PT Indosterling Optima Investa (IOI) terseret masalah gagal bayar uang nasabah. Perkara ini ialah gagal bayar terkait produk Indosterling High Yield Promissory Notes (HYPN). Untuk berita, produk investasi HYPN tersebut prospektif imbal hasil sebesar 9 persen bahkan hingga 12 persen setiap tahunnya.
Andreas selaku Pengacara dari sejumlah nasabah IOI menyampaikan, “PT IOI mengumpulkan dana sejak 2018 atau 2019 dengan memasarkan produk High Yield Promisory Notes dengan bunga 9-12 persen. Namun bulan April 2020 mulai gagal bayar”.
Mengenai masalah tersebut, alhasil berlanjut melalui permohonan penundaan keharusan pembayaran utang (PKPU) di Pengadilan Niaga Jakarta Pusat.

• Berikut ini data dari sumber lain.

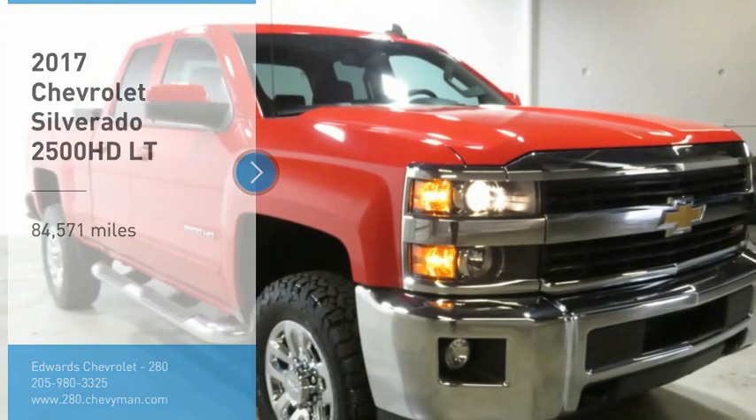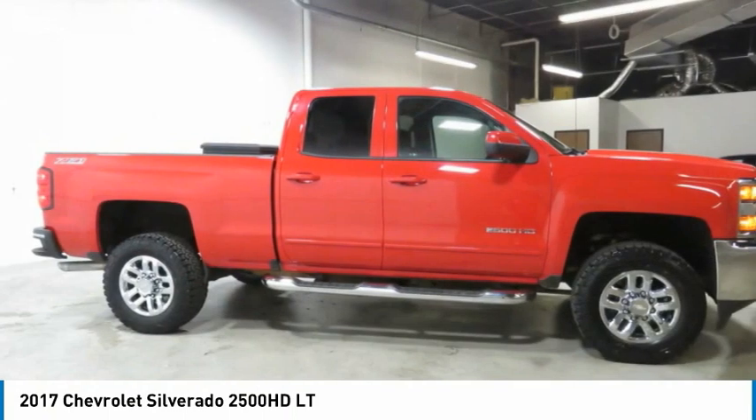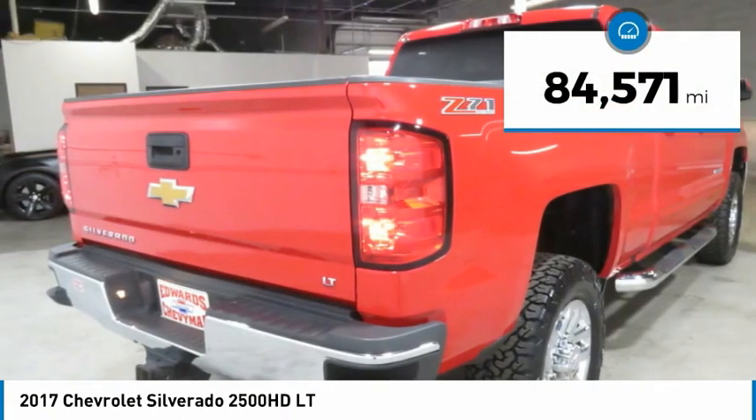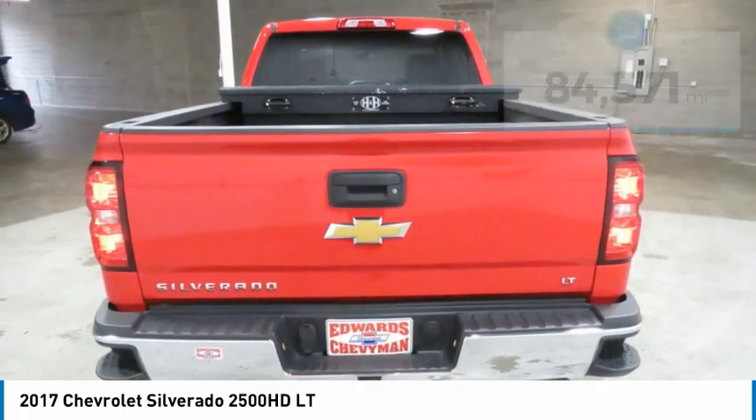Take a ride in the 2017 Silverado 2500 HD. This pickup truck pulls unlike any other. This vehicle has less than 85,000 miles. Here are some of this vehicle's great options.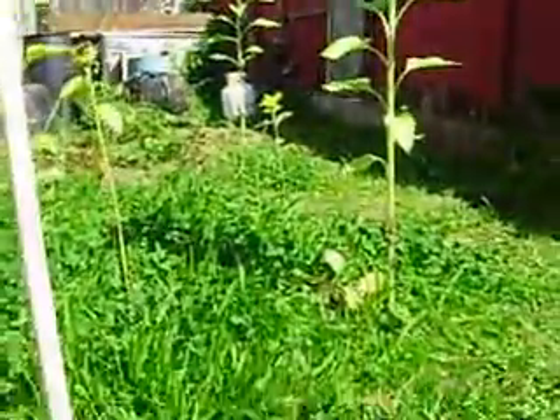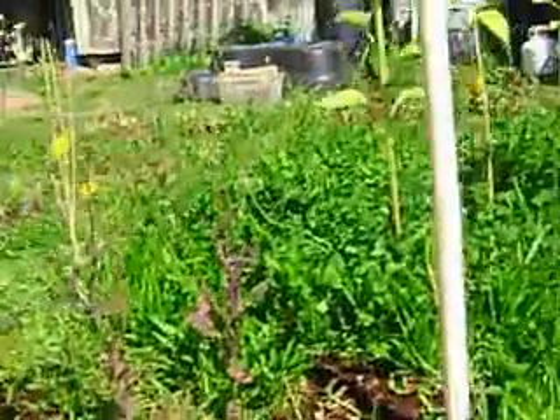Transplanted some tomatoes, took out all the corn. Squash are gone. Got new stuff.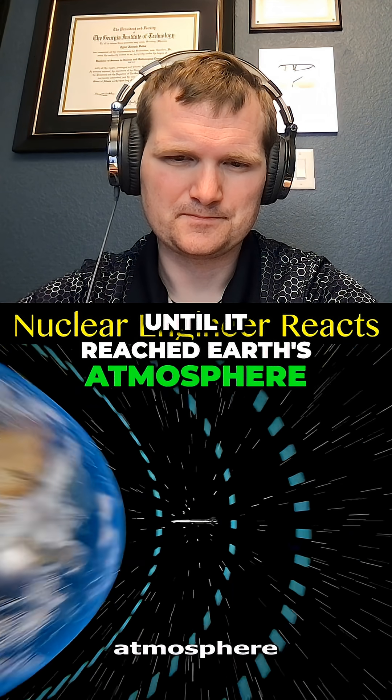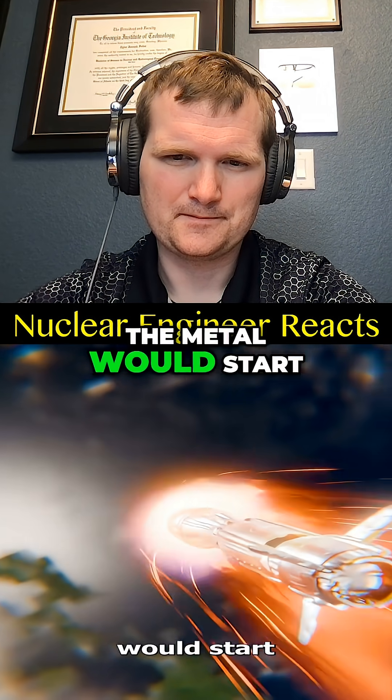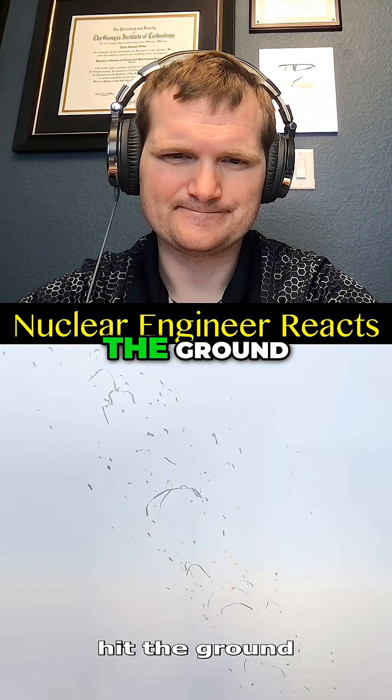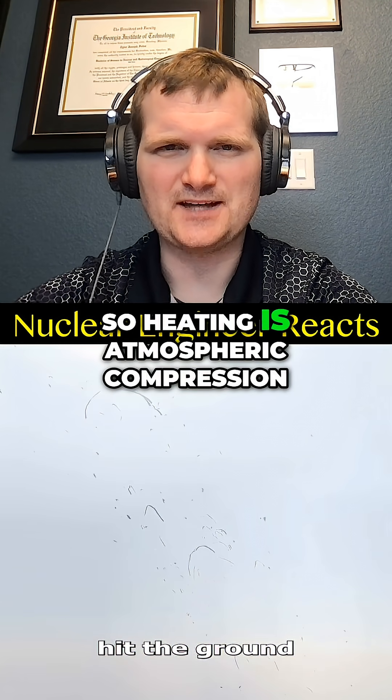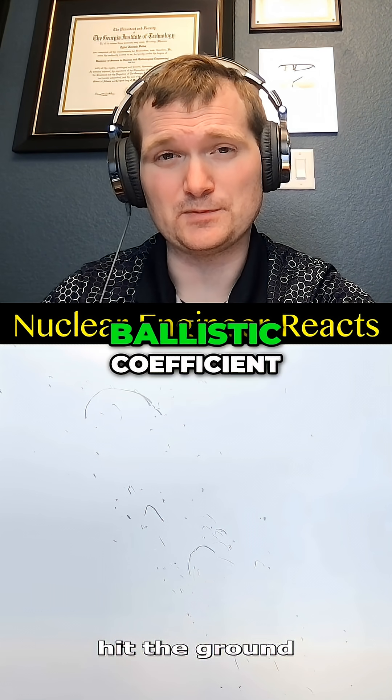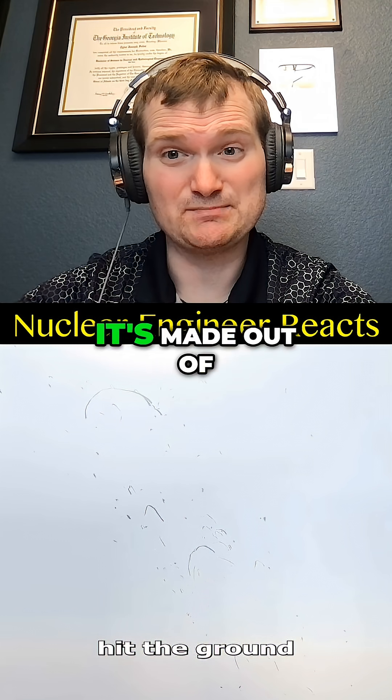Until it reached earth's atmosphere. But at that speed, the metal would start to melt and the bullet would be torn apart before it hit the ground. Heating is atmospheric compression and it would only be torn apart if it has a poor ballistic coefficient — so it depends what it's made out of.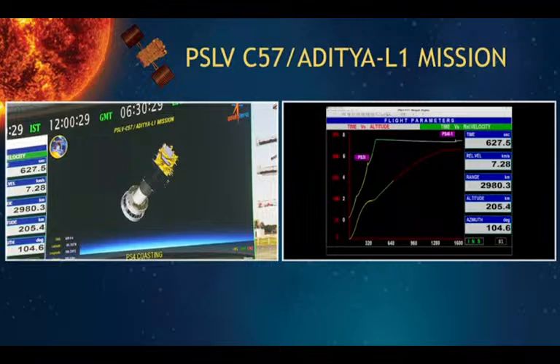We are 627 seconds from the launch. For another 600 more seconds, we will be getting tracking data from the Bayek's ground station.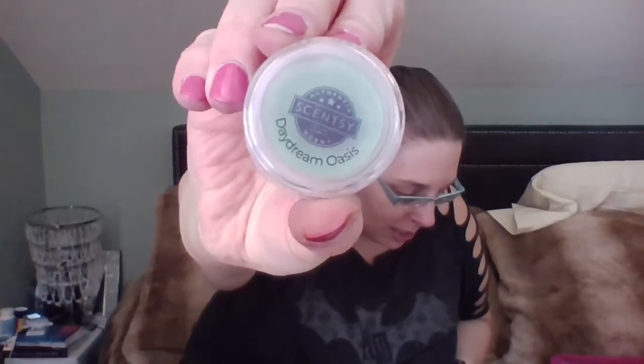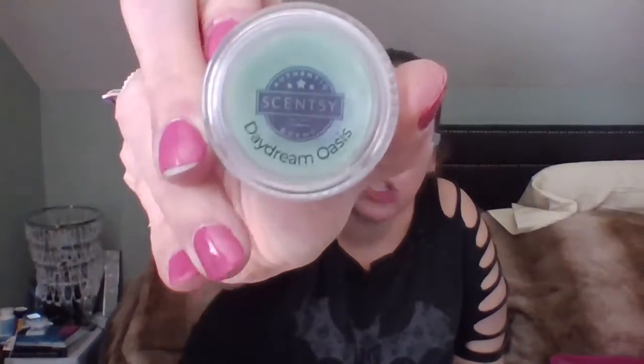Daydream Oasis: lose yourself in sweet melon and visions of luminous pear leaf and water lily. They say this is a fresh scent — and it definitely is. Oh, that's pretty. This is a great bathroom scent for me, or even the master bedroom. It's not the same as Make a Splash, but it's giving me the same vibes — which is the one I usually have in my bathroom. It's medium to strong on cold. Getting a bar of this for sure — could very well be club worthy.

Pada hari Minggu (15/11/2020) kemarin, Andreas menyampaikan, “Kalau berdasarkan PKPU, nasabah Indosterling mencapai 1.200-2.000 orang, dengan total dana dihimpun kurang lebih Rp 2-3 triliun. Tapi menurut terlapor bilangnya Rp 1,99 triliun”.
Klien dari Andreas memilih untuk tidak ikut PKPU, mereka memilih jalur pidana dengan melaporkan ke Bareskrim Polisi Republik Indonesia sejak 6 Juli 2020 silam. Ada tiga pihak yang dilaporkan yakni PT IOI, Sean William Hanley (SWH) yaitu administrator dan komisaris Juli Berliana Posman (JBP).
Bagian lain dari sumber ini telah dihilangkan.